This graph is beautiful. One look at the correlation between the age that a donor is acquired and their LTV is like taking that first sip of coffee in the morning. Ahhh. The r² on this relationship is over 0.85. That means that age alone accounts for 85% of the variation in the LTV.
Of course, upon your second sip of coffee you might choke on this graph. Most organizations are acquiring donors well into their 60s or 70s. A donor acquired at age 50 has twice the LTV of one acquired at age 65.
Think about that. Twice. The. Value.
Of course, this is just one organization. Your organization might be different.
What this really means for this organization is that they can spend twice as much to acquire an age 50 donor, realize more net revenue while still maintain acceptable long-term ROI ratios.

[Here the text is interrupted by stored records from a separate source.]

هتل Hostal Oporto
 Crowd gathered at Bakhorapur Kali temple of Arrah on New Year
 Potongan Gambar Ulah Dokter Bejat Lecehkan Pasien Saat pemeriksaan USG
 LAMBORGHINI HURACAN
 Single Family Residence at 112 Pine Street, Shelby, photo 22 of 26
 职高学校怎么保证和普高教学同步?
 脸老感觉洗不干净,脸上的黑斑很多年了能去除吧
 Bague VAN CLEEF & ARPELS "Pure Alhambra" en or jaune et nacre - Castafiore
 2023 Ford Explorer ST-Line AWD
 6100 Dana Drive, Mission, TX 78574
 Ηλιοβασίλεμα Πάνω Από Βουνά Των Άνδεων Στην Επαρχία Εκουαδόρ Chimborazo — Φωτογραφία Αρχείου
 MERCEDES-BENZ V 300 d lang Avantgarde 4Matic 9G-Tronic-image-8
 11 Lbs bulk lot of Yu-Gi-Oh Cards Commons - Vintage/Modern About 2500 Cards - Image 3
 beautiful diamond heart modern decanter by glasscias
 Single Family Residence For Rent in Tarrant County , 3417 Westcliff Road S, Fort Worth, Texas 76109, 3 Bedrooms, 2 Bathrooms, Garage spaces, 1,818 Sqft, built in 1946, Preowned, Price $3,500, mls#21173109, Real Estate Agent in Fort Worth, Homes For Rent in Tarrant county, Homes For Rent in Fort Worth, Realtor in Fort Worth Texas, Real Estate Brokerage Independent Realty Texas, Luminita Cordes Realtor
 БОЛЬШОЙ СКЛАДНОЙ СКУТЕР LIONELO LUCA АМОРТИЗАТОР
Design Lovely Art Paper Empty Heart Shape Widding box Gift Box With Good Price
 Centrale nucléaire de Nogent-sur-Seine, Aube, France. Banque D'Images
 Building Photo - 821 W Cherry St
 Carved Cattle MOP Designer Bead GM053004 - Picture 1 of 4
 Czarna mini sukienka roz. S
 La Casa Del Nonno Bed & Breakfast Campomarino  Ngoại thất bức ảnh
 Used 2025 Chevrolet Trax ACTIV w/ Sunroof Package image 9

If this graph isn’t making you re-think your donor acquisition approach, well, perhaps you need to wake up and smell the coffee.
*** UPDATE ***
This blog generated a lot of feedback. Primarily around the channel acquired. So, I re-ran the analysis to control for channel acquired. The graph below is of those donors only acquired by direct mail and excluded any donor whose first gift was $10,000 or more. Alas, not as beautiful as the one above, but still, the r² on this relationship is 0.50 and a 50-year old DM acquired donor is worth 1.76 times that a 65-year old DM acquired donor.